What is revenue churn?

Churn happens whenever a customer stops doing business when a company.

Revenue churn is the revenue loss from that event.

Revenue churn is also known as MRR (monthly recurring revenue) churn. The revenue churn rate is the percentage of revenue lost to cancellations and downgrades.

Here's an example:

  • You have $100,000 in MRR.
  • You lose $10,000 from customers leaving or downgrading their plan.

This means you lost $10,000 in churn, so you have a 10% revenue churn rate.

(This is called a gross revenue churn rate, by the way.)

How revenue churn differs from customer churn

Both are churn. Revenue churn measures revenue lost; customer churn measures customer count lost.

In other words, customer churn answers the question: What percentage of customers did we lose in the past month?

And revenue churn answers the question: What percentage of revenue did we lose last month?

That’s a meaningful difference, but it’s also a subtle one. Different customers can bring in different amounts of revenue, after all.

When discussing ways to minimize revenue churn, we must discuss customers.

Here’s an example:

Example: revenue churn vs. customer churn

Assume the following pricing for a SaaS company:

Plan

Monthly Price

# of Customers

MRR

Essential

$600

50

$30,000

Premium

$1,000

30

$30,000

Enterprise

$2,000

20

$40,000

Now, say this company has a 5% customer churn rate.

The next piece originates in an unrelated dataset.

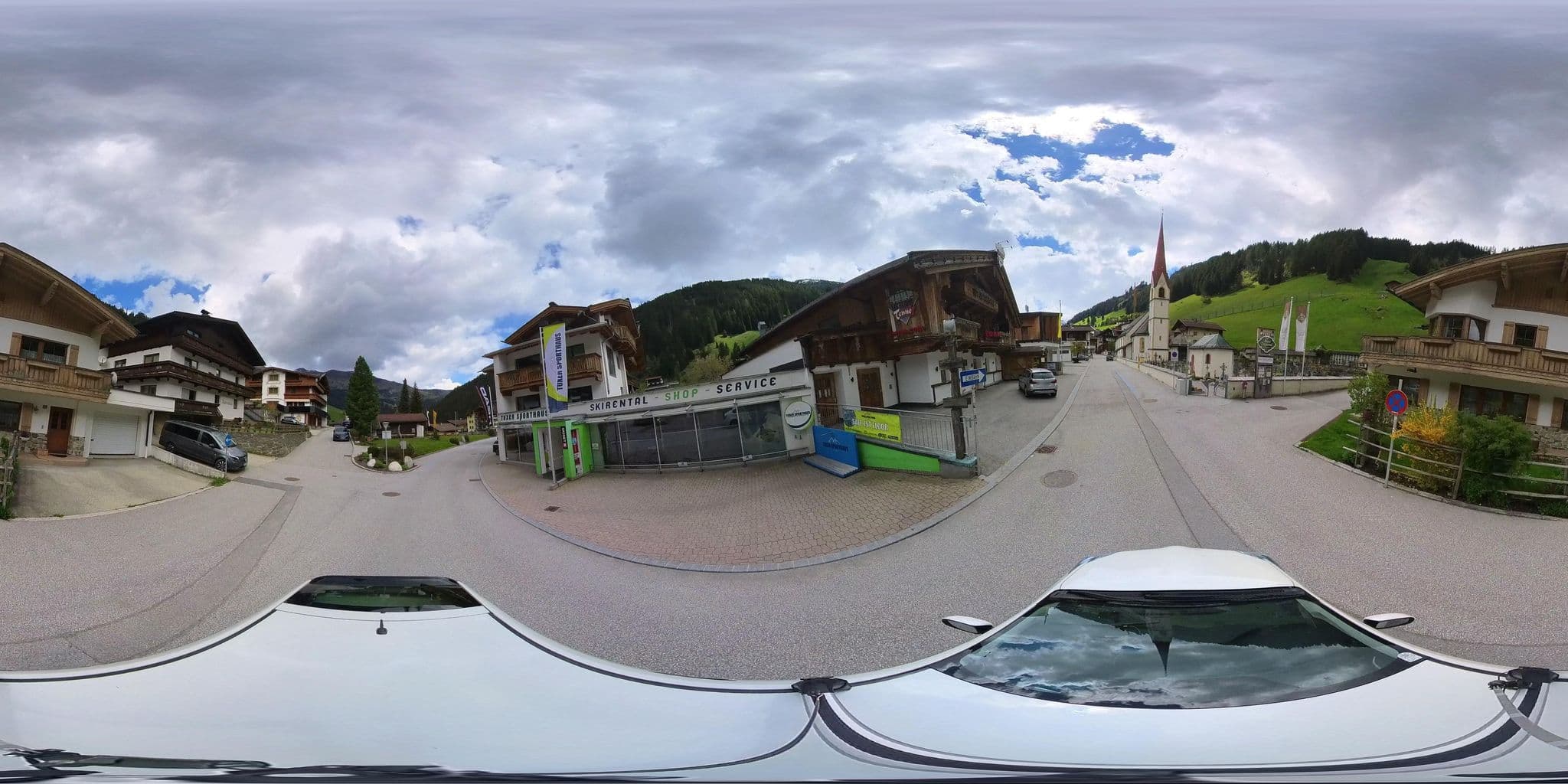 Street view near Alpendorf Anno Dazumal Exklusive Almhütten und Chalets Stefan Dengg, Tux — © osmplus_org (CC BY-SA · Mapillary)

That’s not useful information, is it?

Because we need to know where the churn is coming from.

They could have lost 5 enterprise customers (10% of their MRR) or 5 essential plan customers (3% of their MRR).

Massive difference, right?

But if we said they lost 5% of the MRR, you wouldn’t know how many customers they lost, nor in which pricing tiers.

That’s why it’s important to use both.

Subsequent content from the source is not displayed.